Assigned task: Only the lines from the one containing "Traditional Purple Crepe" through the end of the data are wanted, reproduced exactly and without pictures.
Start of Input data
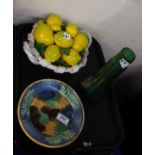 A Majolica glazed stand, an Italian pottery group of lemons and an iridescent glass vase Condition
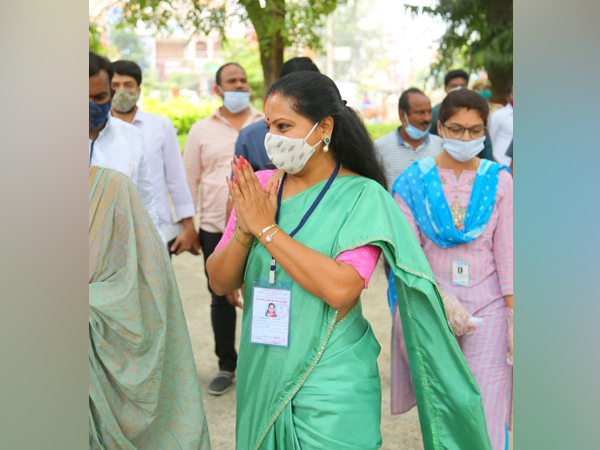 Telangana Rashtra Samithi (TRS) candidate and former Member of Parliament Kalvakuntla Kavitha. (Photo/ANI)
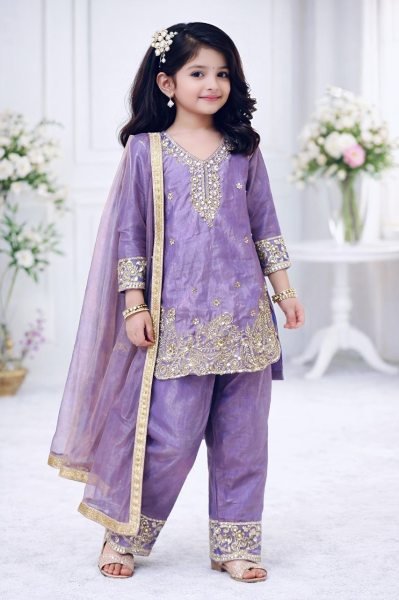 Traditional Purple Crepe Silk Girls  Kameez with Sharara   Dupatta  Girls Wear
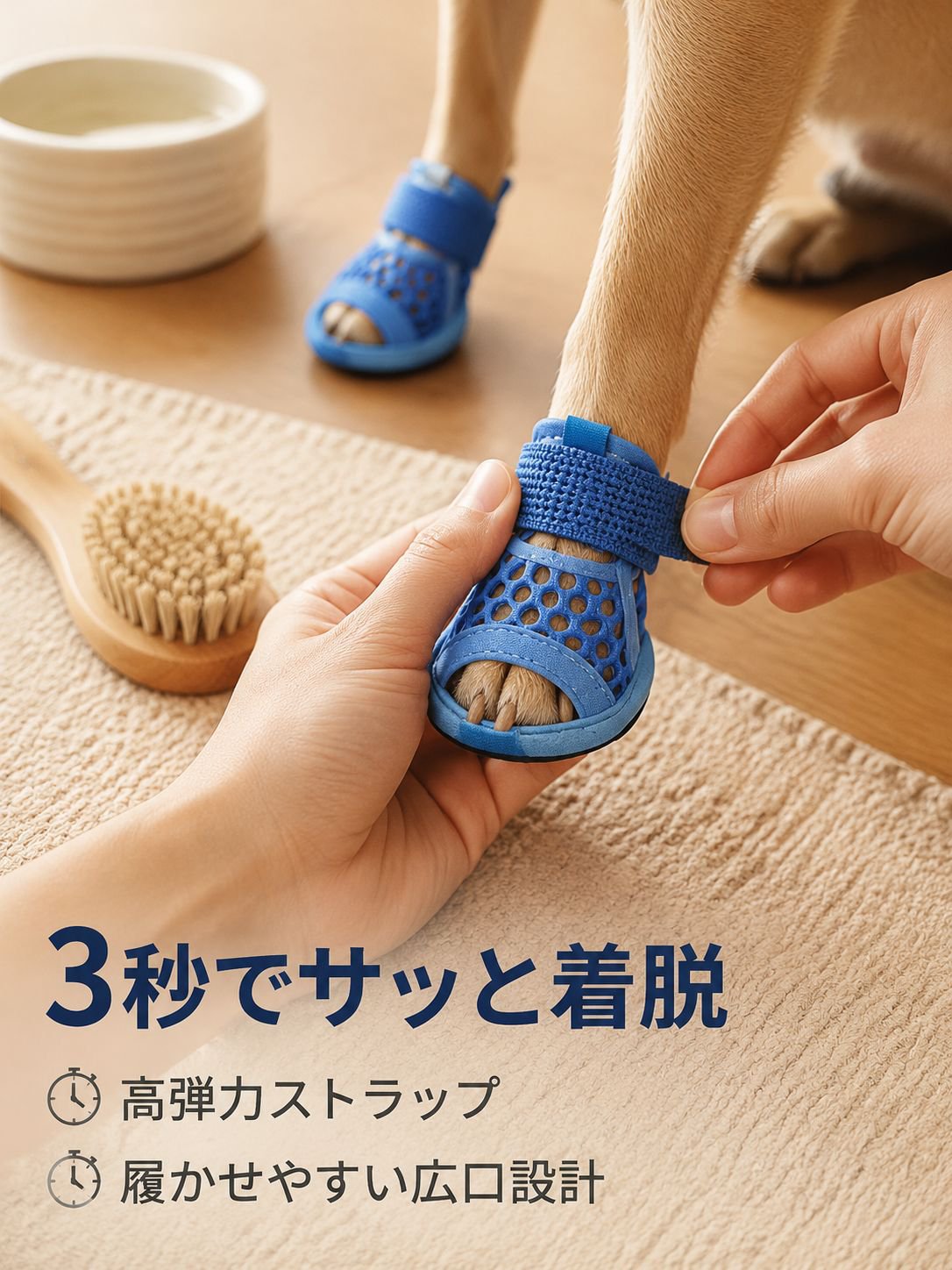 【夏の肉球保護＆足拭きゼロ】3秒着脱・涼感ドッグシューズ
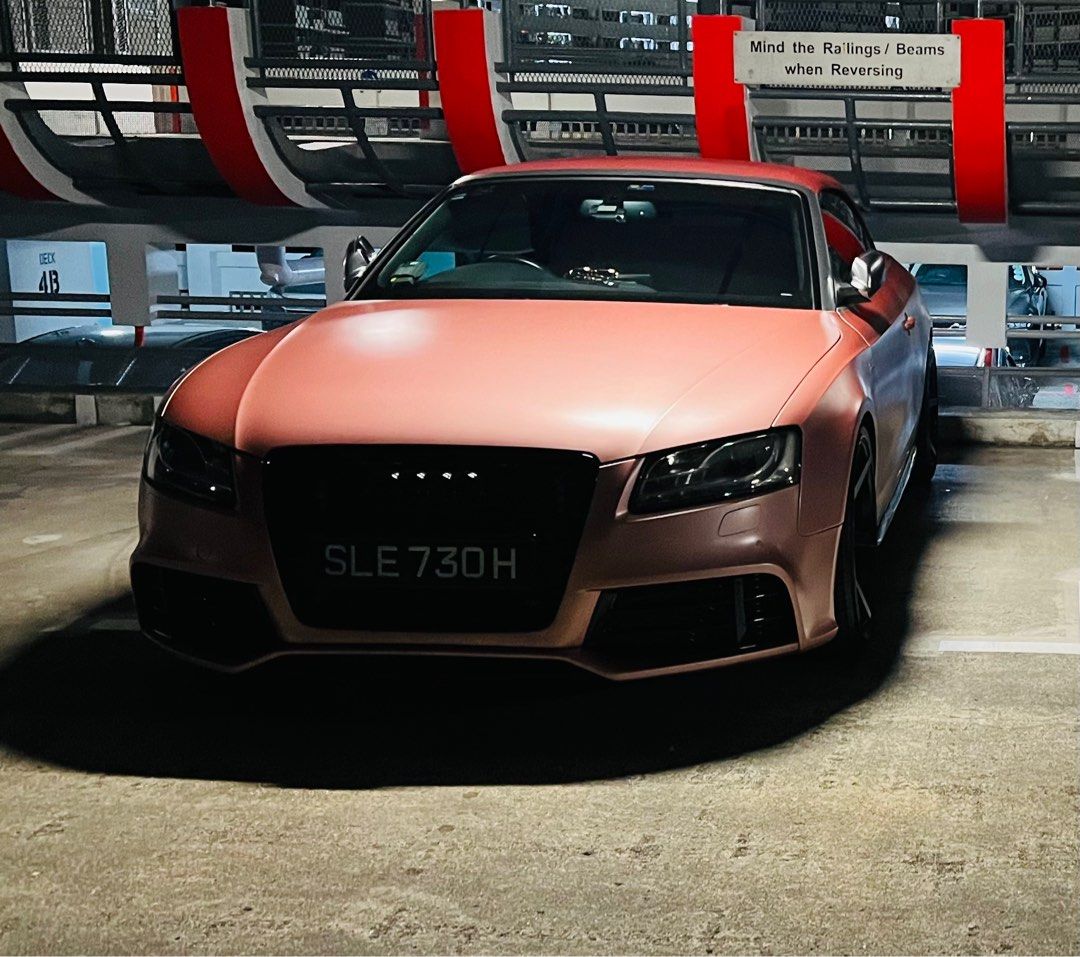 Audi S5 Cabriolet 3.0 TFSI quattro S-tronic (A) (Category: Used Cars) located in Singapore. Submitted by deviel200692 (Listing ID 1398156920, Image 1). Description: 2023 1. Brand New Buttons Convertible 2. Bilstein b12 suspension Bestine b12 3. New Mechatonic 2024 1. Brand new alternator & battery 2. APracing 7040 brake pad 3. ⁠Brembo dot 4 brake flush all wheels 4. ⁠RCS high carbon rotor, custom spec 5. ⁠034 Motorsport Full stage 2 plus modified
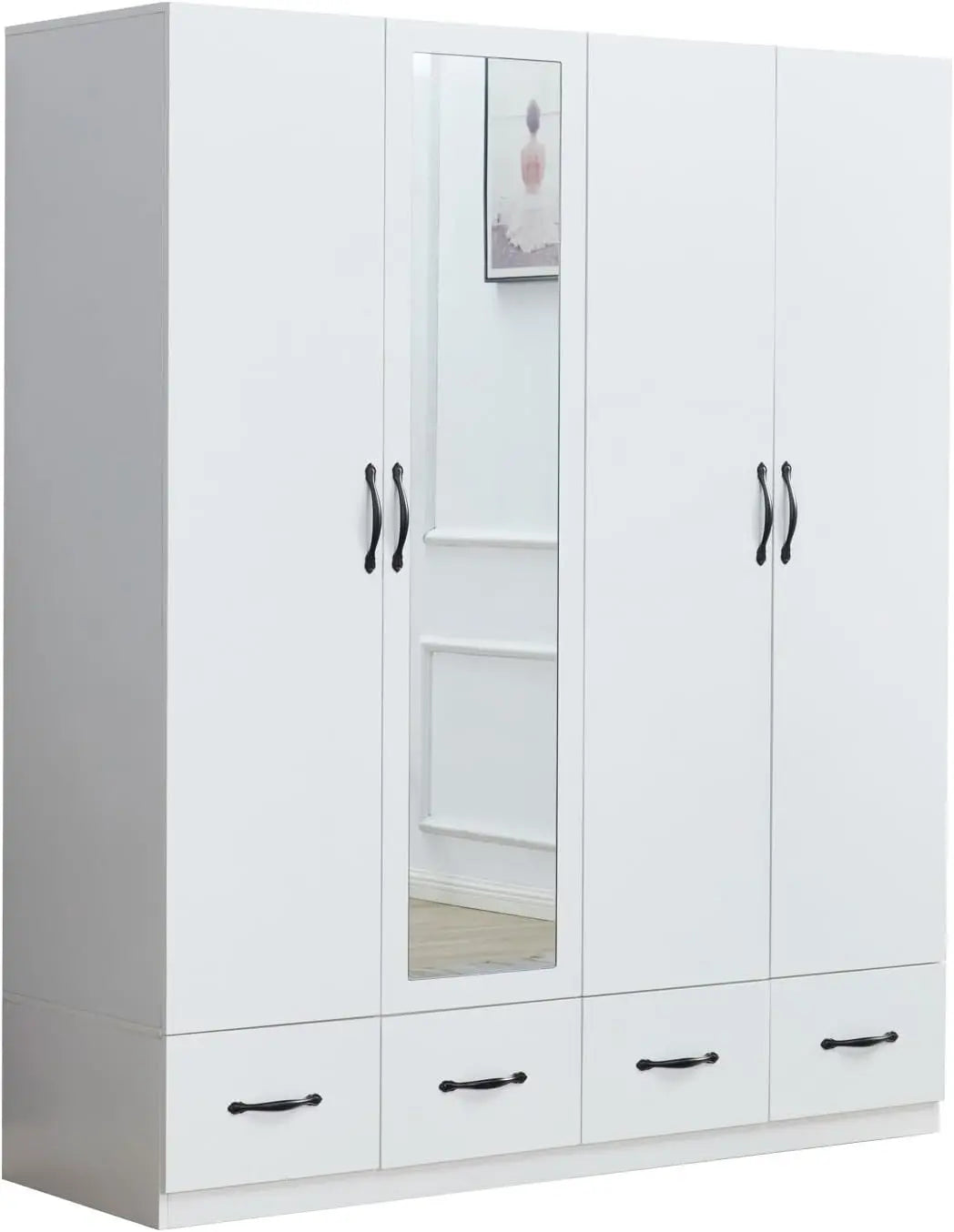 74.2" H Mirror Wardrobe 4 Doors White Wooden Freestanding Wardrobe Closet Armoire Bedroom Storage Wardrobe Cabinet Bathroom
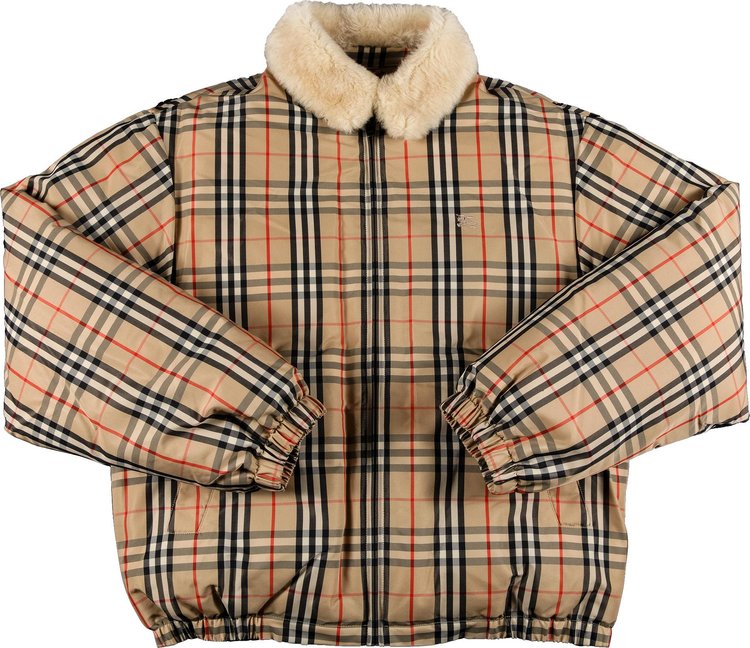 Supreme x Burberry Shearling Collar Down Puffer Jacket In Beige
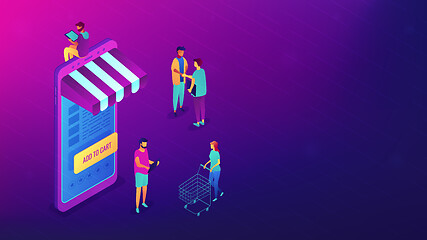 Image showing Isometric shopping online with gadgets illustration.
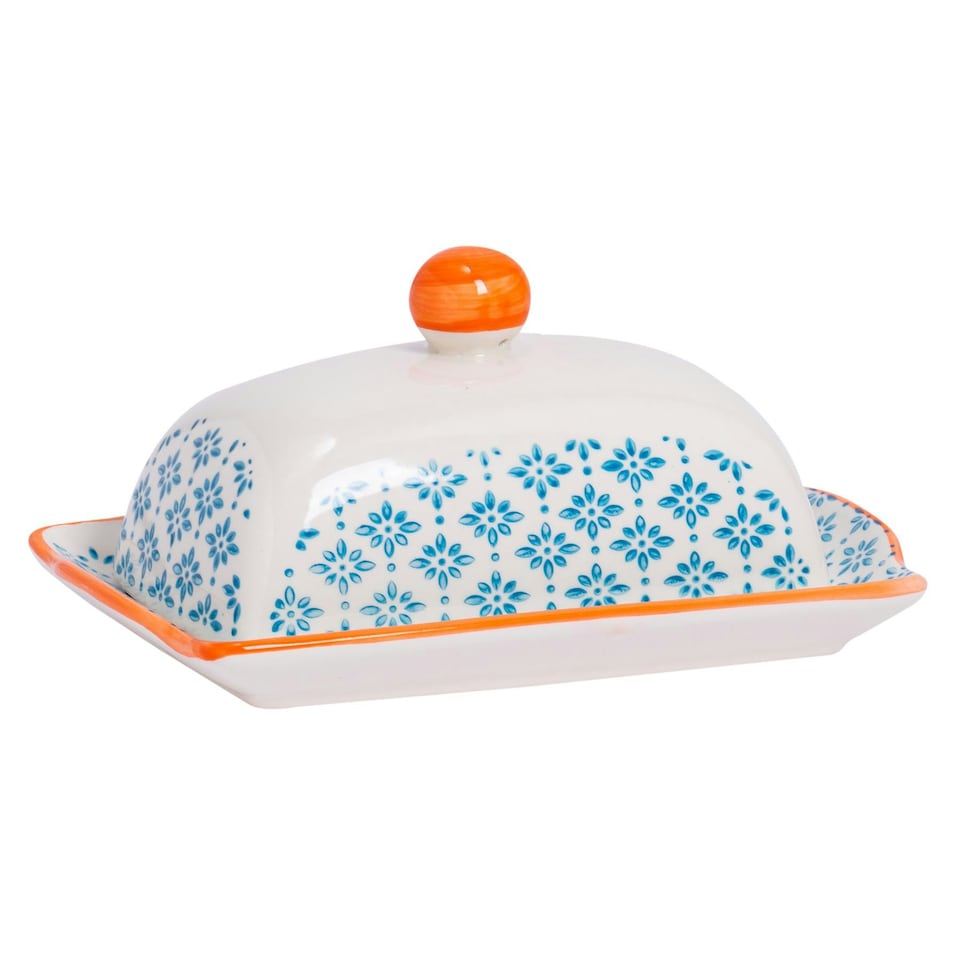 image 1 of Nicola Spring Hand-Printed Butter Dish - 18.5 x 12cm - Blue Multi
End of Input data
Reply:
 Traditional Purple Crepe Silk Girls  Kameez with Sharara   Dupatta  Girls Wear
 【夏の肉球保護＆足拭きゼロ】3秒着脱・涼感ドッグシューズ
 Audi S5 Cabriolet 3.0 TFSI quattro S-tronic (A) (Category: Used Cars) located in Singapore. Submitted by deviel200692 (Listing ID 1398156920, Image 1). Description: 2023 1. Brand New Buttons Convertible 2. Bilstein b12 suspension Bestine b12 3. New Mechatonic 2024 1. Brand new alternator & battery 2. APracing 7040 brake pad 3. ⁠Brembo dot 4 brake flush all wheels 4. ⁠RCS high carbon rotor, custom spec 5. ⁠034 Motorsport Full stage 2 plus modified
 74.2" H Mirror Wardrobe 4 Doors White Wooden Freestanding Wardrobe Closet Armoire Bedroom Storage Wardrobe Cabinet Bathroom
 Supreme x Burberry Shearling Collar Down Puffer Jacket In Beige
 Image showing Isometric shopping online with gadgets illustration.
 image 1 of Nicola Spring Hand-Printed Butter Dish - 18.5 x 12cm - Blue Multi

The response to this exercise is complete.